The human liver is considered to be one of the most vital internal organs for human survival. It is responsible for various chemical reactions and performs well over 500 functions within the body. The liver is considered to be the largest internal organ as well as the largest gland.
The size of the human liver varies according to gender, age, and body size. A liver found in a male is bigger than that of a female. For example, a female’s liver may weigh 1.2kg whereas a male’s liver may weigh 1.5kg.
Functions of the Liver
Looking at the liver from the glandular aspect, this is where the functions of the organ occur. The most important function of the liver is to rid the body of harmful toxins. However, the liver is also responsible for the secretion of bile which aids the process of digestion. The organ processes all the nutrients we get from food consumption. The body stores these nutrients which are then converted into energy as and when the body needs it. The liver also has the capacity to store blood. In instances when there is a low blood volume, the stored blood within the liver saves the day.
The liver is responsible for the conversion of glucose to glycogen which aids in the prevention of hyperglycemia and low sugar levels. The hepatic secretion of the liver is very important as the secretion of bile, found in the gallbladder, stores and concentrates the bile.
Storage of Vitamins and Minerals
The liver controls the intake and storage of vitamins A, D, B12, Folic acid, and iron. When needed, the liver will provide these to aid the body. Iron is absorbed through the liver which helps the process of blood production. Copper is responsible for development and growth of various organs including the brain, heart, and bones.

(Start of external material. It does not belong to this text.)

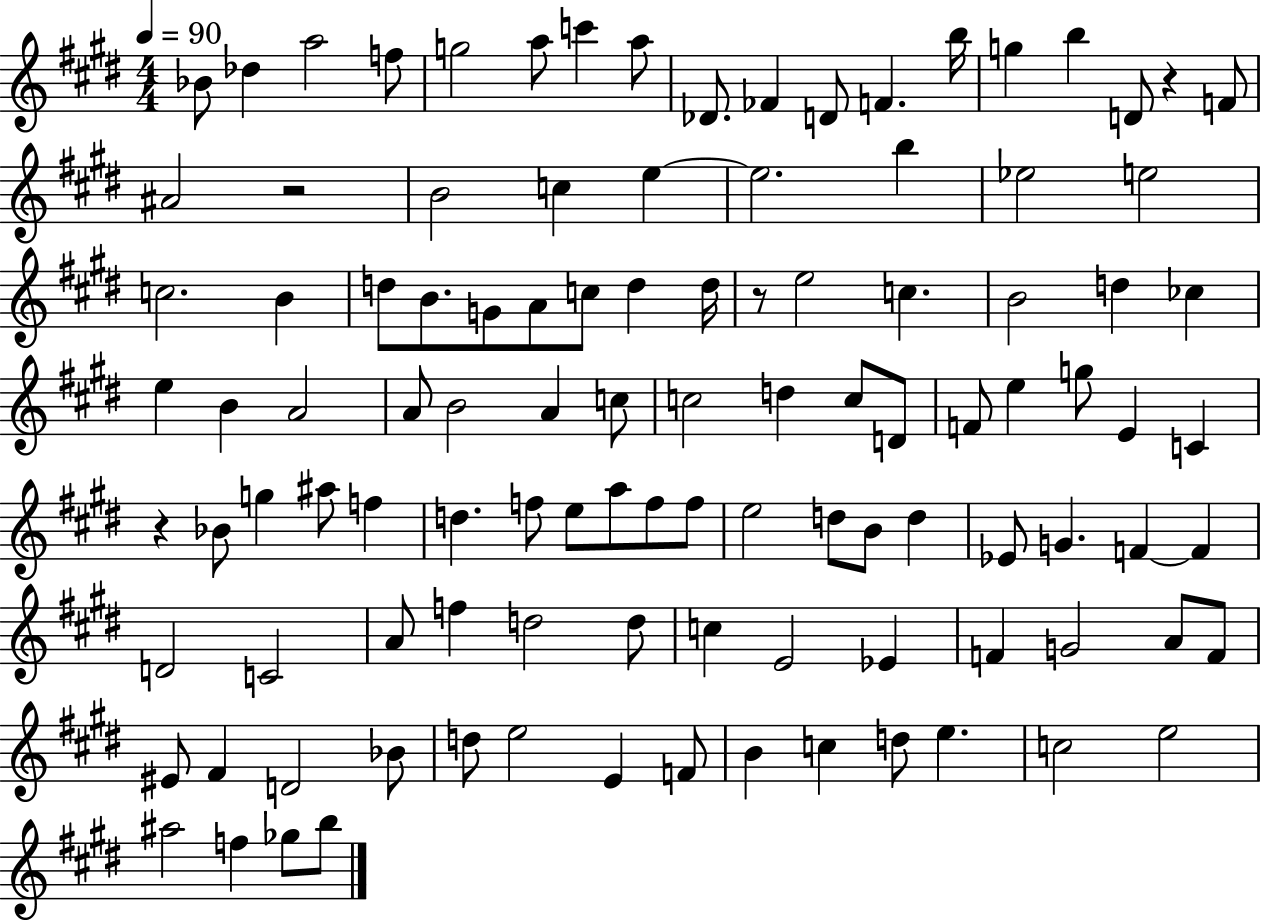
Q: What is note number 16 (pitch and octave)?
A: D4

Factors Leading to Liver Disease
- Excessive alcohol consumption
- Recreational drug use
- Genetic diseases
- Unprotected sex resulting in hepatitis
Types of Liver Disease
- Jaundice – the golden yellow appearance of the skin as a result of the accumulation of bilirubin found in body fluids.
- Drug-induced Hepatotoxicity – the damaging effects of drugs on the liver.
- Alcoholic liver disease
- Cirrhosis – the end-stage liver disease caused by fibrosis
- Liver tumors – these can either be malignant tumors or cancerous.
There are many more different types of liver diseases that could develop due to the failure of the maintenance of the vital organ.
Acute and Chronic Liver Diseases
- Viral hepatitis
- Alcohol abuse
- Chronic hepatitis C and B
- Primary biliary cirrhosis
From the above information, you can see just how important the maintenance of the human liver is. Most of these types of liver diseases can be avoided by eating a healthy and balanced diet, regular exercise, drinking water daily, low alcohol consumption, and staying far away from recreational drug use!